**Activity:** Print all of the data exactly, but drop the pictures.

**Provided data:**
•••••
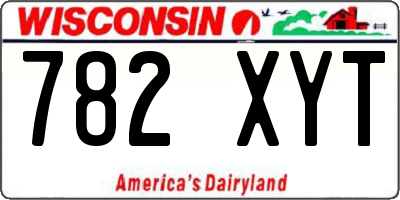 WI license plate 782XYT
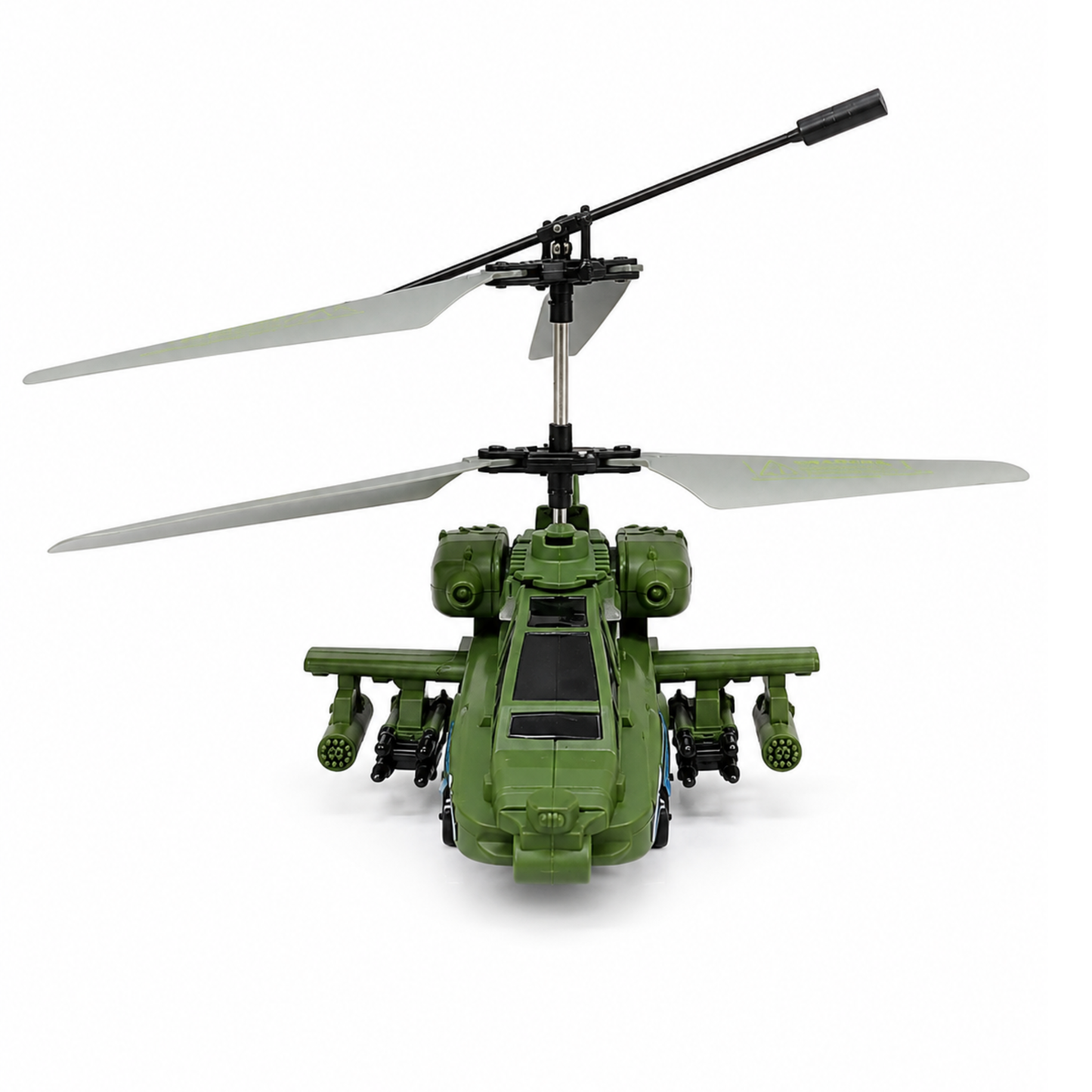Fully Armed 2.4GHz Remote Control Military Helicopter Gunship with Omni-Directional Flight, Take-Off & Landing, LED Lights & USB Charging – Military Green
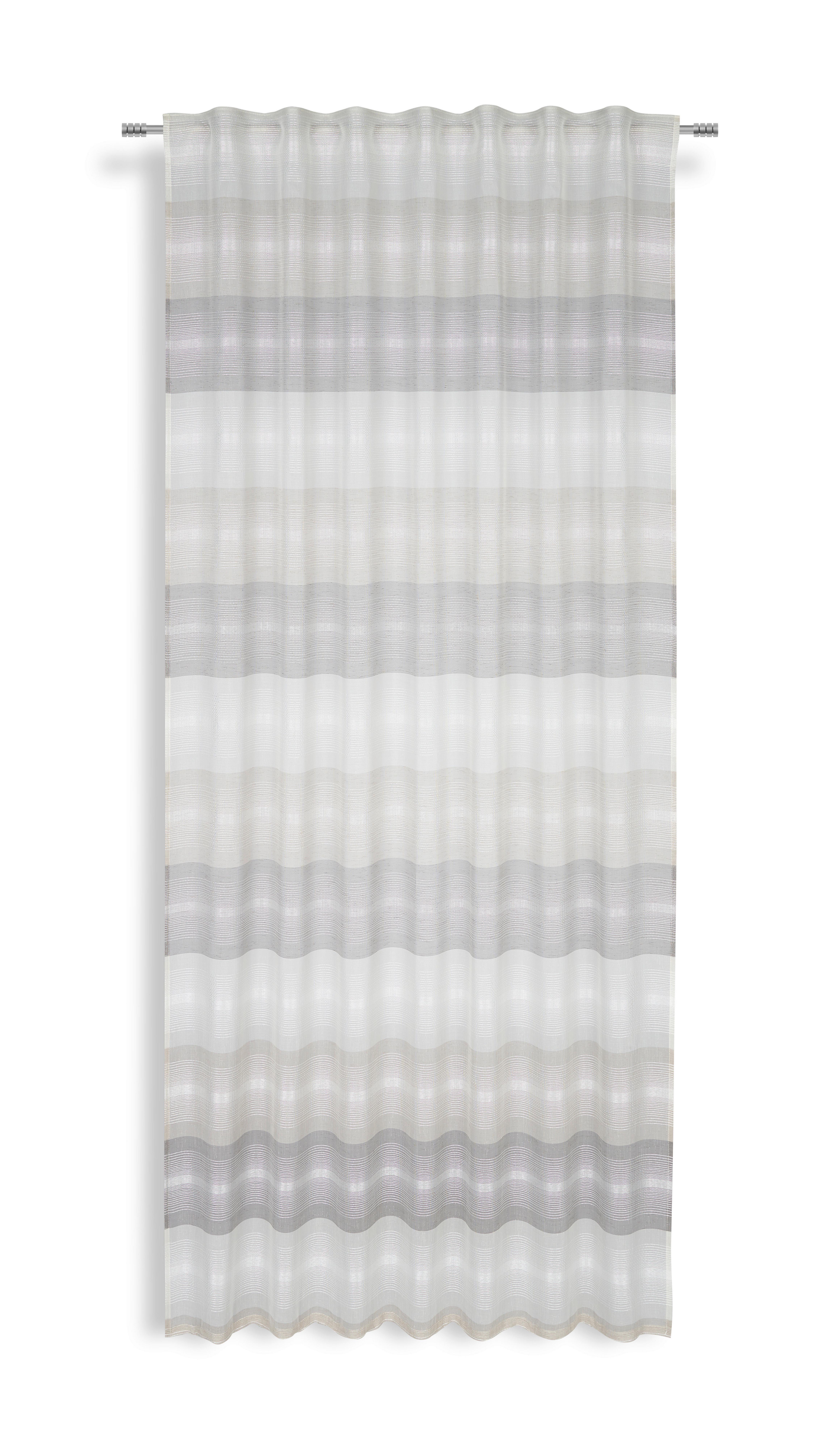 Vorhang mit Schlaufen und Band Hermine 140x245 cm Taupe - Taupe, MODERN, Textil (140/245cm) - Luca Bessoni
•••••
**Reply:**
 WI license plate 782XYT
Fully Armed 2.4GHz Remote Control Military Helicopter Gunship with Omni-Directional Flight, Take-Off & Landing, LED Lights & USB Charging – Military Green
 Vorhang mit Schlaufen und Band Hermine 140x245 cm Taupe - Taupe, MODERN, Textil (140/245cm) - Luca Bessoni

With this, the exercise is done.